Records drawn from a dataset
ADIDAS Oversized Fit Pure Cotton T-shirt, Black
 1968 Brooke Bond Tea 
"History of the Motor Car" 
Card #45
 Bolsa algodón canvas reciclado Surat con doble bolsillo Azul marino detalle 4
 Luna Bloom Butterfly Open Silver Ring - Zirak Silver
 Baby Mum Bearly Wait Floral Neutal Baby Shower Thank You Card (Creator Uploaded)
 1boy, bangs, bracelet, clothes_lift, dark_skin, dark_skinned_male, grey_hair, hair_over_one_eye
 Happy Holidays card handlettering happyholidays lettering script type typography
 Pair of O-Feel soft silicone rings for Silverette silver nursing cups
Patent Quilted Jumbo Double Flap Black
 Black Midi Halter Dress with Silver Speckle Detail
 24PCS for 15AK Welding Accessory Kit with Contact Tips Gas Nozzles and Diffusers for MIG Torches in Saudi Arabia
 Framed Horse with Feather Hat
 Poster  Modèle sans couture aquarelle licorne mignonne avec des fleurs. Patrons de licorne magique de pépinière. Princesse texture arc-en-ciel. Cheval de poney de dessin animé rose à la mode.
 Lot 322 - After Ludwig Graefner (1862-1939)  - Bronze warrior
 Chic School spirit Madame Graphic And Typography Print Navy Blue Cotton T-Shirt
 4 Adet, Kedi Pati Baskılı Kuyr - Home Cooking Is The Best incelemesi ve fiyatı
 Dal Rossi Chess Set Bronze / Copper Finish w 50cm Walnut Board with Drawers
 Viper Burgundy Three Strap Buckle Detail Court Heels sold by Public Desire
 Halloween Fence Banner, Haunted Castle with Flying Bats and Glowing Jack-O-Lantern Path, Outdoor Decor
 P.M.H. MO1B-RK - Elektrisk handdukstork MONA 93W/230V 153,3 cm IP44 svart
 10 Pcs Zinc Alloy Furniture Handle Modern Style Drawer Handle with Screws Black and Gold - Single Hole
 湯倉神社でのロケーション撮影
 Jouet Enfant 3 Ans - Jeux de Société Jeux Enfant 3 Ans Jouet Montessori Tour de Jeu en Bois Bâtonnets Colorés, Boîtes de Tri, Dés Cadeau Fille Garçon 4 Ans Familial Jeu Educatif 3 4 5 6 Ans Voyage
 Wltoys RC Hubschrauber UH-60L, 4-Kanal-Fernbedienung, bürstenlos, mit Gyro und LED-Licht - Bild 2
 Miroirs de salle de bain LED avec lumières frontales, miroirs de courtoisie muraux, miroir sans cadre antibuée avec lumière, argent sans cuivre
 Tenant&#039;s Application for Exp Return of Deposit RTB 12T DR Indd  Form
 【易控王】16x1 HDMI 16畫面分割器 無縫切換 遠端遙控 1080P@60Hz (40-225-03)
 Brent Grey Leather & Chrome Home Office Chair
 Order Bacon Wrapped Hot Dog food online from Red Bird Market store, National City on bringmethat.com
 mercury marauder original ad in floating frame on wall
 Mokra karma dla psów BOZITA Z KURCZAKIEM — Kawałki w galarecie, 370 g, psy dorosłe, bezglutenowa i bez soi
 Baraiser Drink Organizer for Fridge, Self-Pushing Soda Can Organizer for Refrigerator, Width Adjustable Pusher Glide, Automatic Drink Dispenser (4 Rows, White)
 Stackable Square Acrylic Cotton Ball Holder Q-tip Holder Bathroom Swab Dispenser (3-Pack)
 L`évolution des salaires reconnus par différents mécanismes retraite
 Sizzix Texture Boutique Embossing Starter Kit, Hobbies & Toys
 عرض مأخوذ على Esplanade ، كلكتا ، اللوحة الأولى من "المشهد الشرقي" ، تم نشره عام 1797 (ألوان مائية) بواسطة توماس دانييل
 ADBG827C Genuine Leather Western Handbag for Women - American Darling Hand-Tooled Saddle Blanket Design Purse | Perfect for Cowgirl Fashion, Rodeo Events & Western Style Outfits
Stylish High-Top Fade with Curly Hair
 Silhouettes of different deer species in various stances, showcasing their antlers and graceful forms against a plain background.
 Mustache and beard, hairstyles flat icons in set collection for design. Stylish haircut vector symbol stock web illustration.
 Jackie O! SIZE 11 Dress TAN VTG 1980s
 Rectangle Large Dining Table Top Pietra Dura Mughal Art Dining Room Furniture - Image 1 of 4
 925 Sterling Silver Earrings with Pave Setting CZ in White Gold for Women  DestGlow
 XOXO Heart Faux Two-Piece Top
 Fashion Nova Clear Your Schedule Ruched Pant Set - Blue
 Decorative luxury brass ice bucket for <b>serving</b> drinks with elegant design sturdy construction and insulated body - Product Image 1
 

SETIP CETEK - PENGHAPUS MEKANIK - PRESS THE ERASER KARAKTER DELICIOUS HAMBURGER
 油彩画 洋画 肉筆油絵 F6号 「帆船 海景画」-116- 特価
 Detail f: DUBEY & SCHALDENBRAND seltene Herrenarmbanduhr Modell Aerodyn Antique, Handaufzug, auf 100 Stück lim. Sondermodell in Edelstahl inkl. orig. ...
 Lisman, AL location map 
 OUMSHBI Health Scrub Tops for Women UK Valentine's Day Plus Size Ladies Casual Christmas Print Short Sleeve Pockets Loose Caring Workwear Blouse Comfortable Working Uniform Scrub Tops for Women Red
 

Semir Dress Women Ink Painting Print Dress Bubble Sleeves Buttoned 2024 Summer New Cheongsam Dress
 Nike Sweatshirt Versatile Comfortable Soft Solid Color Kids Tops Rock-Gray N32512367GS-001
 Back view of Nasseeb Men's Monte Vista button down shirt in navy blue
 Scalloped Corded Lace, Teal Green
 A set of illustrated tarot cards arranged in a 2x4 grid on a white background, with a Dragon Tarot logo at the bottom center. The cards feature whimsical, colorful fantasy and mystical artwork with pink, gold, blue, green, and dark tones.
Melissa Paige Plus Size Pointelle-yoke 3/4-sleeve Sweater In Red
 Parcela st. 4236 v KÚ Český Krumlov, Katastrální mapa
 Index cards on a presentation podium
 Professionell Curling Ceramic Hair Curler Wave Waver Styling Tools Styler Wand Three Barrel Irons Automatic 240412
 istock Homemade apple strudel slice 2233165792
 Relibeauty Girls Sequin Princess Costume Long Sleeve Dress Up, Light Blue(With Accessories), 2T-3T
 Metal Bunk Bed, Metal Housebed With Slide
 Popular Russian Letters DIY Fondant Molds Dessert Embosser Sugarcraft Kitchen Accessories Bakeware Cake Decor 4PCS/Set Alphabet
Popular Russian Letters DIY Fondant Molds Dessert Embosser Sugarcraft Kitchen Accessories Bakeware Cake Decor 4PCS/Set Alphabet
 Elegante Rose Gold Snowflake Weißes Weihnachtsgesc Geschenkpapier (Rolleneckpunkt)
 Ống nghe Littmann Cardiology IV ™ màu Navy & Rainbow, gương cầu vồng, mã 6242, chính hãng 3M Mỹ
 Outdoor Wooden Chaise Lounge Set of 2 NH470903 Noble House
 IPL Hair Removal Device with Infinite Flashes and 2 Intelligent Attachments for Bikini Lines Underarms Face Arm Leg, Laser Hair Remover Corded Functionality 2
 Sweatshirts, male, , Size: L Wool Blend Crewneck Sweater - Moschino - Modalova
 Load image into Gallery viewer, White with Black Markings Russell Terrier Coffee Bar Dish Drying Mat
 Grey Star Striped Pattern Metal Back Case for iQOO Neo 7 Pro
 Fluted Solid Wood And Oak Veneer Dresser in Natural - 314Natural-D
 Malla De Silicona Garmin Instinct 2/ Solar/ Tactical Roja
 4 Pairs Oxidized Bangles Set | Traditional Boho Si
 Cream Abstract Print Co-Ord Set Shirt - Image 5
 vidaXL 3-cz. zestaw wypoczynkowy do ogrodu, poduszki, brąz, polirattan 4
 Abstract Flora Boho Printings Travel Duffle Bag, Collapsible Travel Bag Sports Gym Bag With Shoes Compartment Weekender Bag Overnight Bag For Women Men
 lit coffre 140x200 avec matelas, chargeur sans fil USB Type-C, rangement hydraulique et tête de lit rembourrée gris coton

Exercise directions -> Reproduce exactly every line that sits between the start of the entries and the line bearing "Pair of O-Feel", counting both of those lines.

Response to the task ->
ADIDAS Oversized Fit Pure Cotton T-shirt, Black
 1968 Brooke Bond Tea 
"History of the Motor Car" 
Card #45
 Bolsa algodón canvas reciclado Surat con doble bolsillo Azul marino detalle 4
 Luna Bloom Butterfly Open Silver Ring - Zirak Silver
 Baby Mum Bearly Wait Floral Neutal Baby Shower Thank You Card (Creator Uploaded)
 1boy, bangs, bracelet, clothes_lift, dark_skin, dark_skinned_male, grey_hair, hair_over_one_eye
 Happy Holidays card handlettering happyholidays lettering script type typography
 Pair of O-Feel soft silicone rings for Silverette silver nursing cups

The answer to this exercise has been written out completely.